QLoRA uses a frozen 4-bit base model with adapters. We backpropagate through the 4-bit weights into the adapters. QLoRA incorporates the NF4 datatype, double-quantization, and paged optimizers. We show it is on par with 16-bit finetuning at a fraction of the memory footprint.
QLoRA tuning on the OpenAssistant dataset produces a state-of-the-art chatbot.
According to GPT-4 and human annotators, our models outperform all other open-source systems and are even competitive with ChatGPT.
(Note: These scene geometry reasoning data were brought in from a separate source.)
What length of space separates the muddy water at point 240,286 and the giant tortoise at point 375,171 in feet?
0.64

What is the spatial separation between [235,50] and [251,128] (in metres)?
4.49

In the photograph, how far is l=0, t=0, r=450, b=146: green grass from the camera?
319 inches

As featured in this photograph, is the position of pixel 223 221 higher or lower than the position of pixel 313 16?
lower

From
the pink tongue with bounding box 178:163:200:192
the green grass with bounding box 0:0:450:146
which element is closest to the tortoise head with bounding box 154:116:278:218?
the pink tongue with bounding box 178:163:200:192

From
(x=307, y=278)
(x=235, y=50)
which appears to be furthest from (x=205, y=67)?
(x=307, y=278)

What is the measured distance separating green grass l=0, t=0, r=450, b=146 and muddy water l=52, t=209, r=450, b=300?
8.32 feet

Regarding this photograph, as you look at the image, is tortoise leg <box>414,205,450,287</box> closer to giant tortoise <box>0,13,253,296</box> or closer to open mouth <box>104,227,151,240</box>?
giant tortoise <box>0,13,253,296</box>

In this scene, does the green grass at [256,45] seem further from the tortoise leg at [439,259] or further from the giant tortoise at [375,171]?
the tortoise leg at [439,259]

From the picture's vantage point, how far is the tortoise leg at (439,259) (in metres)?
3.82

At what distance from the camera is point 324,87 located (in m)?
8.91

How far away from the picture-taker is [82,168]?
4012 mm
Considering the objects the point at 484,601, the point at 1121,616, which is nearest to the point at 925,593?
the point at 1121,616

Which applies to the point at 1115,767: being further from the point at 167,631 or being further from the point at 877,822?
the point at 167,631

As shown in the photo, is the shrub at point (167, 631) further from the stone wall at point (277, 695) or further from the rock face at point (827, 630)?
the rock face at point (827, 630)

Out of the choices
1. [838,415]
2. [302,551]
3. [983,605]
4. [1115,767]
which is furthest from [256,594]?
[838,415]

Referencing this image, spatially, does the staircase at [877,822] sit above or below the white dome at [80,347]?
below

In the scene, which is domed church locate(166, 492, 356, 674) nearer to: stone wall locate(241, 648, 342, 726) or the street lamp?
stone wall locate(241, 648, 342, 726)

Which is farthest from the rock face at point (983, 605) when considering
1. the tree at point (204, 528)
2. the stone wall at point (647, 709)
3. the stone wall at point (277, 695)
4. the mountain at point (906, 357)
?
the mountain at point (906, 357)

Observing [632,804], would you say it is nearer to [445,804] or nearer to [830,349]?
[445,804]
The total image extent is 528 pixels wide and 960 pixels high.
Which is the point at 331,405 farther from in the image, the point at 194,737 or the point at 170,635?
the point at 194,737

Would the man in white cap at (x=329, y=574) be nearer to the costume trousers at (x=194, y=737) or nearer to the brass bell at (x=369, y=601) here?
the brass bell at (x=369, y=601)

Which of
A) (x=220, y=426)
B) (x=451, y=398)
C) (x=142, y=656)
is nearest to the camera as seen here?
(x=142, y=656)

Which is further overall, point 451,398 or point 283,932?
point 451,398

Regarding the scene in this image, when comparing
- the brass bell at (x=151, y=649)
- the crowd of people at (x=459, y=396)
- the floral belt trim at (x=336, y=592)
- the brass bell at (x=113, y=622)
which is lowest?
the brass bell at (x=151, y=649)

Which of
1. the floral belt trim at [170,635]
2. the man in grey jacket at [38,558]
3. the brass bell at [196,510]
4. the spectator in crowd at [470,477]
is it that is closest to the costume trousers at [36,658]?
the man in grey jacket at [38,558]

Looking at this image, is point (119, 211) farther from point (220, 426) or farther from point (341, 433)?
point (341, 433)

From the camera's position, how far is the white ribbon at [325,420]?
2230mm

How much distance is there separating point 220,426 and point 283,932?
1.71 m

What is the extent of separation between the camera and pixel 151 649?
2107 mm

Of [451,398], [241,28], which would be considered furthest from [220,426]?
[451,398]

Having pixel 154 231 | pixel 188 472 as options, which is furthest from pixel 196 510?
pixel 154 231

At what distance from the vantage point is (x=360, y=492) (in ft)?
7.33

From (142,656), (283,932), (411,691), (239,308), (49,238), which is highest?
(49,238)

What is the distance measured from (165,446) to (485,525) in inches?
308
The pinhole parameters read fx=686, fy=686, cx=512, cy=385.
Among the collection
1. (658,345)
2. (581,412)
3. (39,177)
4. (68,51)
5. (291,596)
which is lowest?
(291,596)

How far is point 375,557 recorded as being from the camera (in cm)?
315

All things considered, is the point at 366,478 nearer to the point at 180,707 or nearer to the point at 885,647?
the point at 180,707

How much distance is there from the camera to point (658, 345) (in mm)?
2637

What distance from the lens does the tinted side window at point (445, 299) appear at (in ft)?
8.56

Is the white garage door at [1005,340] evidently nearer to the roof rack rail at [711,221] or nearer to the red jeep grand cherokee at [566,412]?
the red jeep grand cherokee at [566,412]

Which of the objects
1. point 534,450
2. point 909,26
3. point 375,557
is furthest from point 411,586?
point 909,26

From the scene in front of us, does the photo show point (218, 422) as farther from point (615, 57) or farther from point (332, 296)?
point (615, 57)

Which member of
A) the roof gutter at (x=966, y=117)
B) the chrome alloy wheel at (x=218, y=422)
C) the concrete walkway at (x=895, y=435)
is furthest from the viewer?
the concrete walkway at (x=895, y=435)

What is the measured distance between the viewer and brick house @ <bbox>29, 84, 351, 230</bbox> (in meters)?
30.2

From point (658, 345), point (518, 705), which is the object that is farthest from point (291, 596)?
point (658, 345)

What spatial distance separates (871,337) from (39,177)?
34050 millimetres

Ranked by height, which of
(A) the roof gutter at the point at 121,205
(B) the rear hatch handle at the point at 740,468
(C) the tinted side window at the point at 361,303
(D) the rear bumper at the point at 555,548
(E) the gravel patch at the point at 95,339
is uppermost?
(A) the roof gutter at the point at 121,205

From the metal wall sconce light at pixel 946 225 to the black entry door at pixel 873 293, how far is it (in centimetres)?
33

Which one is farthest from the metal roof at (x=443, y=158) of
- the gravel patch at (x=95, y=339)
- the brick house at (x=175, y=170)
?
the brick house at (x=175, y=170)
The paper arxiv.org/abs/2305.14314 contains lots of insights and considerations about instruction tuning and chatbot evaluation and points to areas for future work.
In particular:
- instruction tuning datasets are not necessarily helpful for chatbot performance
- quality of data rather than quantity is important for chatbots
- multitask QA benchmarks like MMLU are not always correlated with chatbot performance
- both human and automated evaluations are challenging when comparing strong systems
- using large eval datasets with many prompts, like the OA benchmark, is important for evaluation
- many possible improvements to our setup including RLHF explorations
Guanaco is *far from perfect*, but the fact that it is remarkably easy to train with QLoRA while obtaining strong chatbot performance makes it a perfect starting point for future research.